When a function is passed to a higher order function e.g. a function
passed to concatMap or concatUnfold then we want the function to be
inlined after the higher order is inlined so that proper fusion of the
higher order function can occur. For such cases we usually add INLINE[1]
on the function being passed to instruct GHC not to inline it too early.
- Strictness annotations on data, specially the data used as accumulator in folds and scans, can help in improving performance.
- Strictness annotations on function arguments can help the compiler unbox constructors in certain cases, improving performance.
- Sometimes using
-XStrictextension can help improve performance, if so you may be missing some strictness annotations.-XStrictcan be used as an aid to detect missing annotations, using it blindly may regress performance.
Do not use a strict foldr or lazy foldl unless you know what you are
doing. Use lazy foldr for lazily transforming the stream and strict
foldl for reducing the stream. If you are manually writing recursive
code, try to use tail recursion where possible.
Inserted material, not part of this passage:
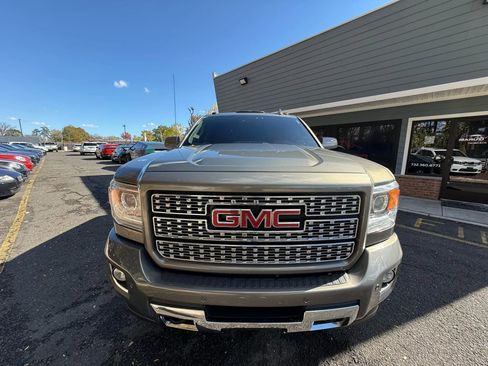 Used 2018 GMC Sierra 2500 Denali w/ Suspension Package, Off-Road image 2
Haskell, being a pure functional language, confers special powers on GHC. It allows GHC to do whole program optimization. In a closed loop all the components of the loop are inlined and GHC fuses them together, performs many optimizing transformations and churns out an optimized fused loop code. Let's call it whole-loop-optimization.
To be able to fuse the loop by whole-loop-optimization all the parts of the loop must be operated on by GHC at the same time to fuse them together. The amount of time and memory required to do so depends on the size of the loop. Huge loops can take a lot of time and memory. We have seen GHC take 4-5 GB of memory when a lot of combinators are used in a single module.
If a module takes too much time and space we can break it into multiple modules moving some non-inlined parts in another module. There is another advantage of breaking large modules, it can take advantage of parallel compilation if they do not depend on each other.